Un racconto breve ma intenso, si legge tutto d’un fiato in un paio di ore.
Compro questo libro nella libreria di via Luccolli di Genova “L’amico ritrovato” dove riesco sempre a trovare tantissimi libri di mare interessanti.
La capacità di sintesi di Erri De Luca e la sua forza espressiva trovano conferma in questa breve storia scritta nel 2002 da De Luca su richiesta di Maurizio Scaparro per un’opera di teatro intorno alla figura del marinaio Sindbad.
Tematica trattata quella degli “immigrati attraverso il mare” ancora oggi assolutamente di grande attualità. Poche pagine per descrivere un “Viaggio della speranza” visto dalla parte di chi conduce i migranti verso la libertà e verso la salvezza.
Il suo Sindbad è una reincarnazione mediterranea del personaggio delle Mille e una notte: un marinaio al suo ultimo viaggio che ha visto ogni tempesta e ogni bellezza, ma anche le migrazioni verso le Americhe.
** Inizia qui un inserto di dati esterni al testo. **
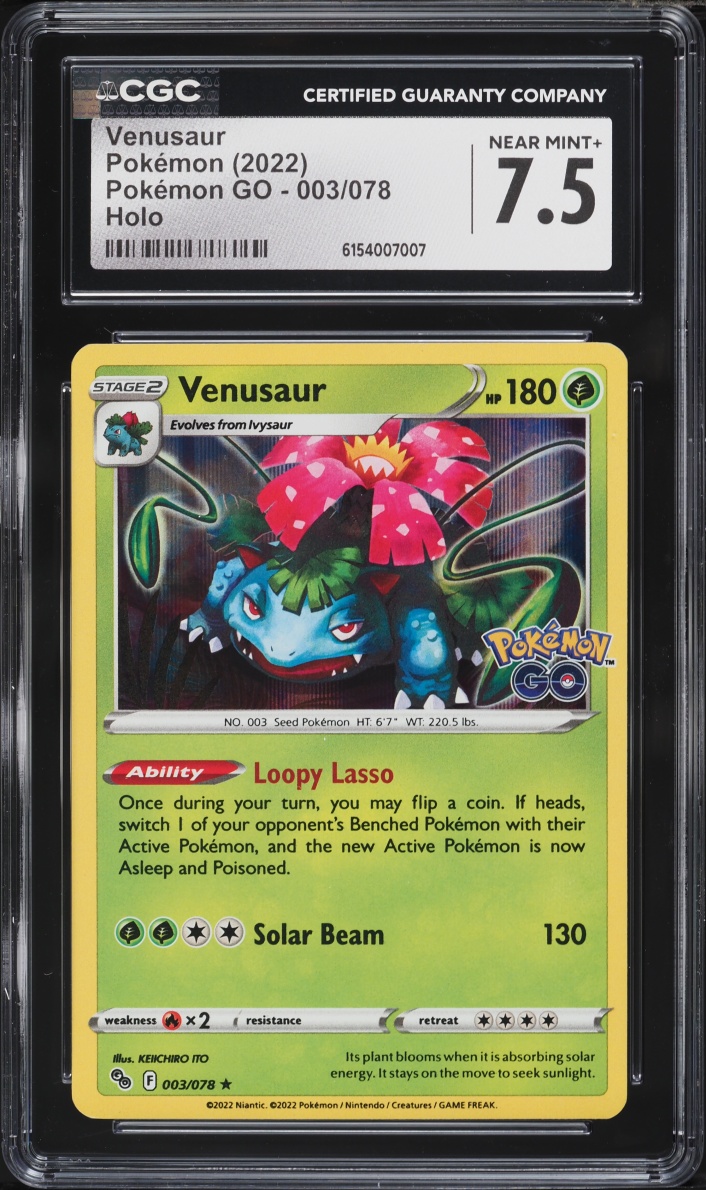 2022 Pokemon Sword & Shield Pokemon GO Holo Venusaur #3 CGC 7.5 NRMT+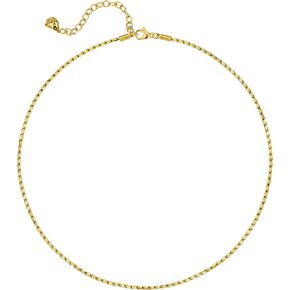 MEVECCO Gold Necklace for Women 18K Vacuum Gold Plated Mariner Chain Necklaces Flat Surface Laser Cut Chain Simple Choker Necklace for Her Jewelry Gifts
È lui a portare i migranti di oggi verso il loro sogno occidentale ed europeo. E loro, questi nuovi migranti, riempiono la sua storia di nuove storie, di sogni, di leggende, di incoscienti atti di coraggio.
‘L’ultimo viaggio di Sindbad’ è un racconto di mare e di vita. Mestiere spietato il suo, guardiano di una folla ammassata nella stiva. Nemico e custode di un’umanità in fuga. Trasporta migratori e migratici verso il nostro Occidente, chiuso a filo spinato.
Sottocoperta un carico di uomini, donne, bambini aspetta di arrivare alle coste italiane.
Parla scarno, Sindbad.
“Malvenuti a bordo” urla Sindbad. I migranti “sono delle casse, così è scritto nel libro di bordo”
Tagliano il mare lasciandosi alle spalle l’inferno. Un passeggero guarda il blu della distesa salina, assapora futuro: “Deve esserci da qualche parte la libertà”.
Un altro grida: “Dov’è l’Oriente?”. Vuole orientare la preghiera, e anche la vita. L’Oriente è a poppa, insieme al rumore delle eliche.
Sono migranti in viaggio, accomunati dalla stessa sorte. Non a caso il nostromo nota: “Gente di popoli nemici che a terra si è scannata e si scannerebbe subito, qui dorme fianco a fianco e si aiuta pure. Com’è strana l’umanità”. Si diventa fratelli solo nel viaggio.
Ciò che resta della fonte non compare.